PROBLEM DESCRIPTION: Exact copy, no pictures: every line from the one that contains "Champion grey mockneck" through the end of the data below, and nothing else.

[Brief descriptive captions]
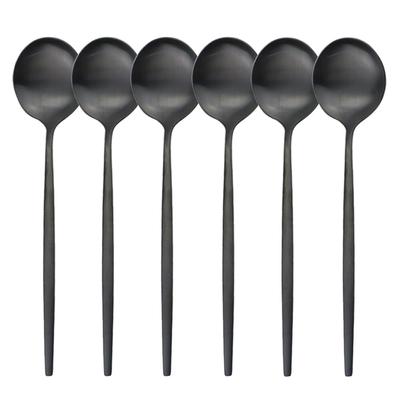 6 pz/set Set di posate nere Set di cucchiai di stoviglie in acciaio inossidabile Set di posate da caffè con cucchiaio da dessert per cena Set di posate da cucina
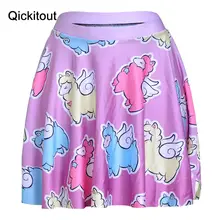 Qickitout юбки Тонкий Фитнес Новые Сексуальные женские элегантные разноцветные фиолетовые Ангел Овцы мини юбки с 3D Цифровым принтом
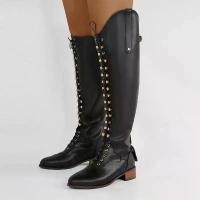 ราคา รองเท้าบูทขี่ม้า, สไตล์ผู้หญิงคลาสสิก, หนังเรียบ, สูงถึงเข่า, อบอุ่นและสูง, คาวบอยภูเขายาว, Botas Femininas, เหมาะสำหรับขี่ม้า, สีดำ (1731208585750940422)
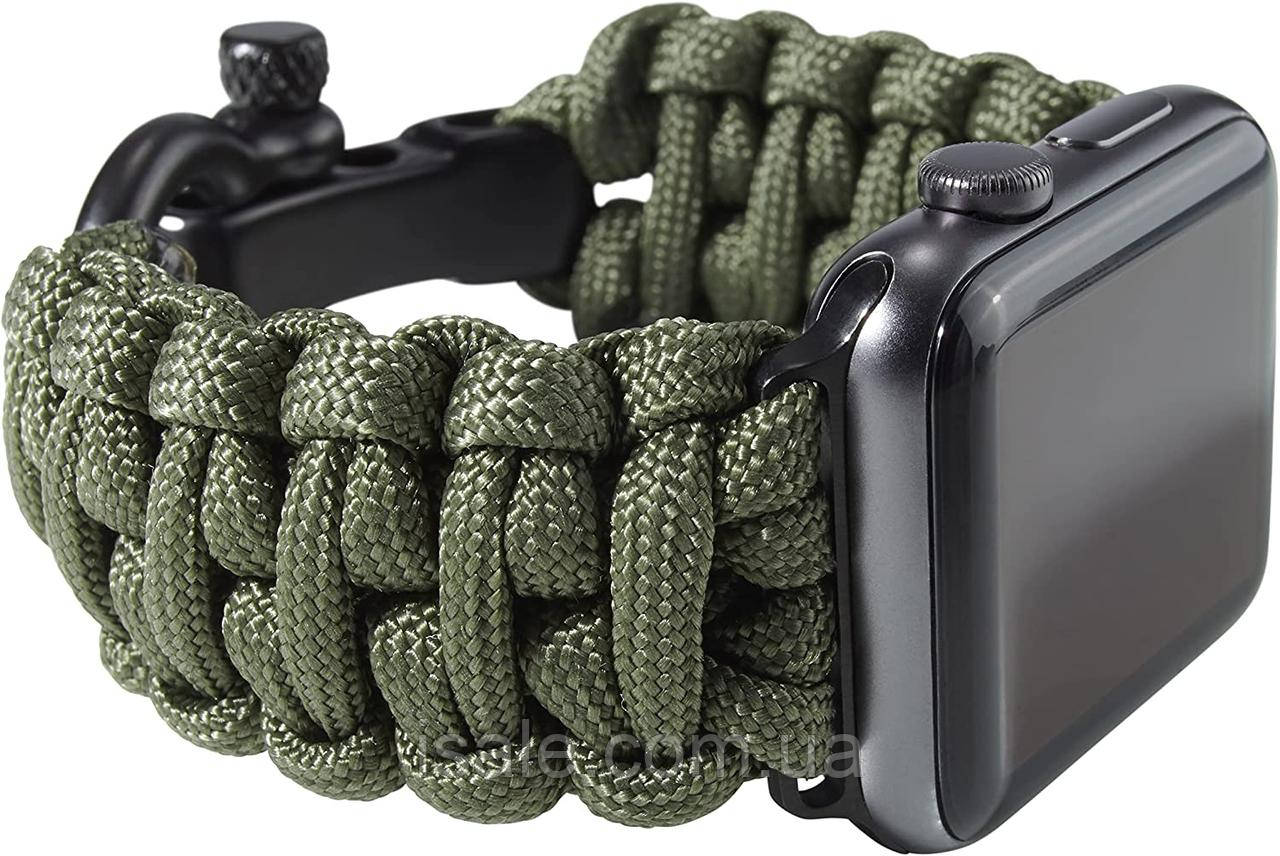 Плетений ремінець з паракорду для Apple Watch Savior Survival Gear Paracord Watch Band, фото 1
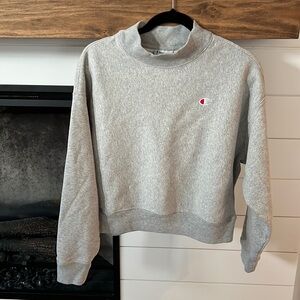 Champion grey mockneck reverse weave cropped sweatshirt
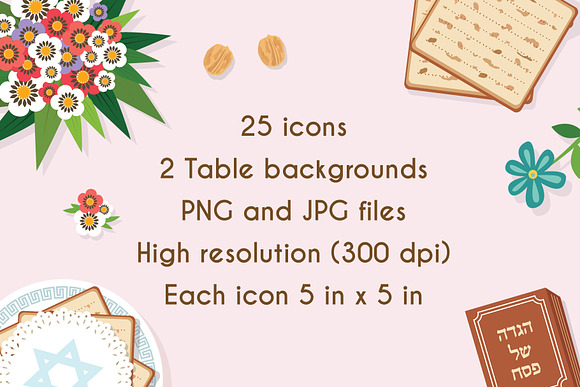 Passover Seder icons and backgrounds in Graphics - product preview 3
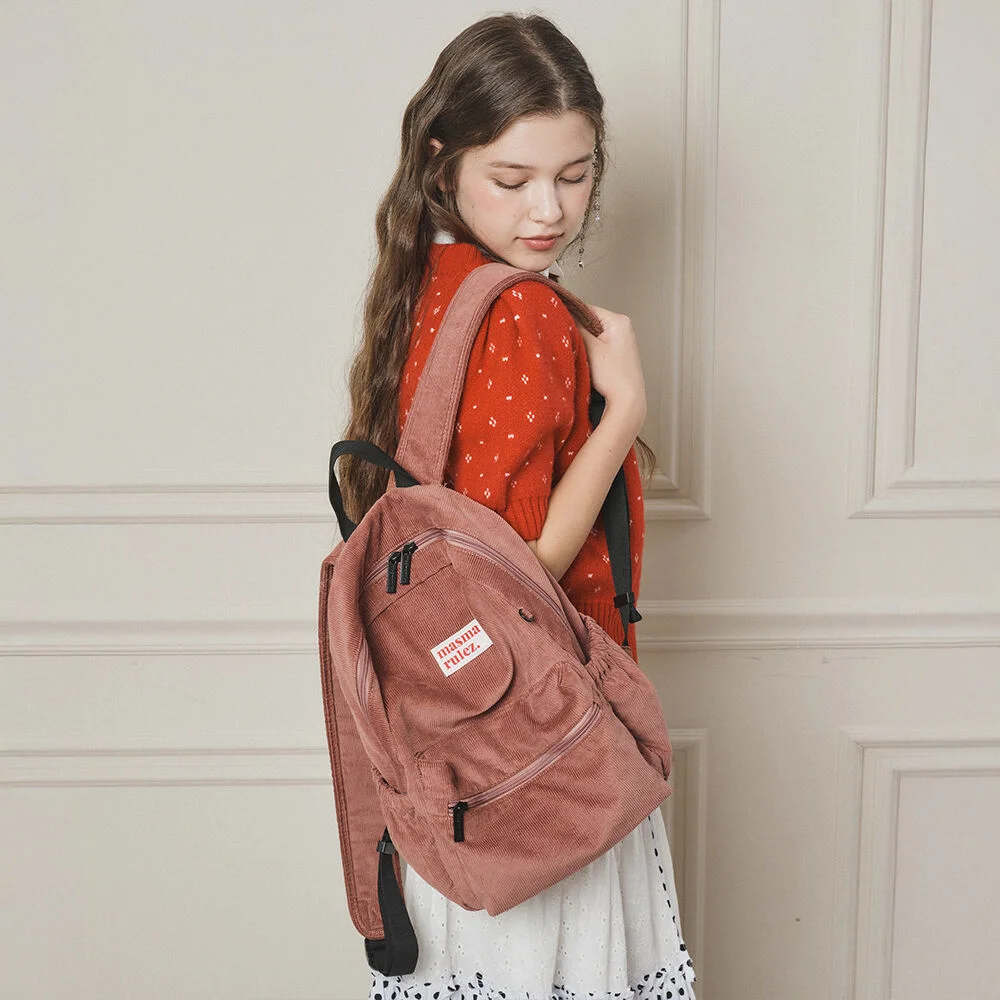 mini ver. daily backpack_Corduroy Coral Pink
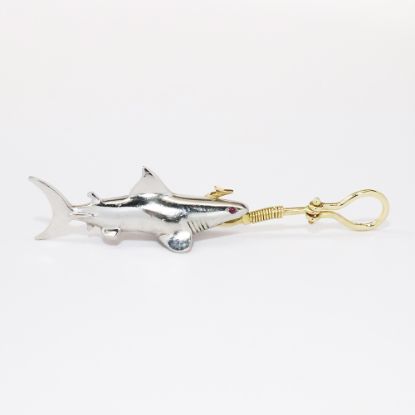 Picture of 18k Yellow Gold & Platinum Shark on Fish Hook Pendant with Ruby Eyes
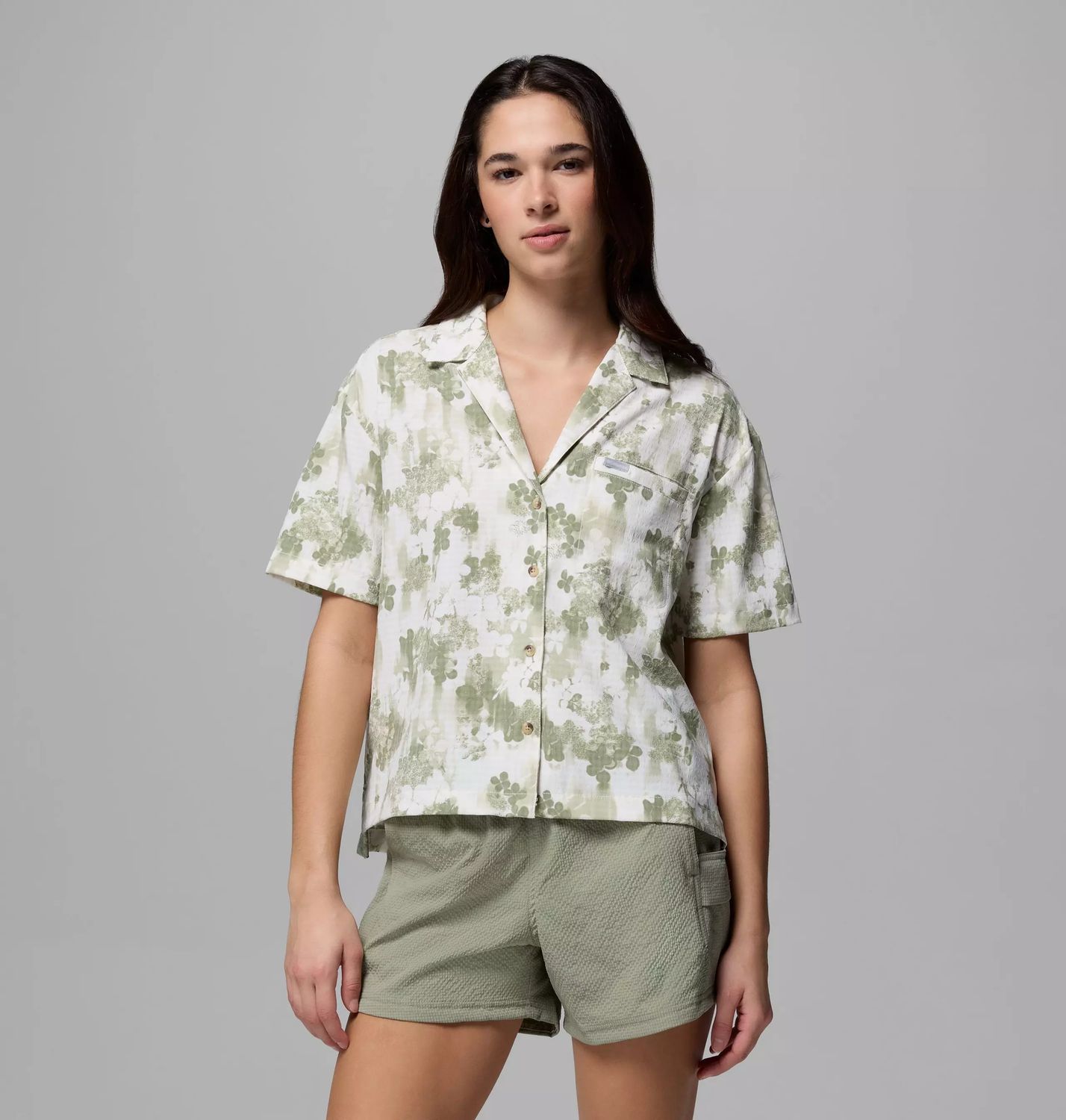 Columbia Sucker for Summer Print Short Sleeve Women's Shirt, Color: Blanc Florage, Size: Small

EXERCISE RESULT:
 Champion grey mockneck reverse weave cropped sweatshirt
 Passover Seder icons and backgrounds in Graphics - product preview 3
 mini ver. daily backpack_Corduroy Coral Pink
 Picture of 18k Yellow Gold & Platinum Shark on Fish Hook Pendant with Ruby Eyes
 Columbia Sucker for Summer Print Short Sleeve Women's Shirt, Color: Blanc Florage, Size: Small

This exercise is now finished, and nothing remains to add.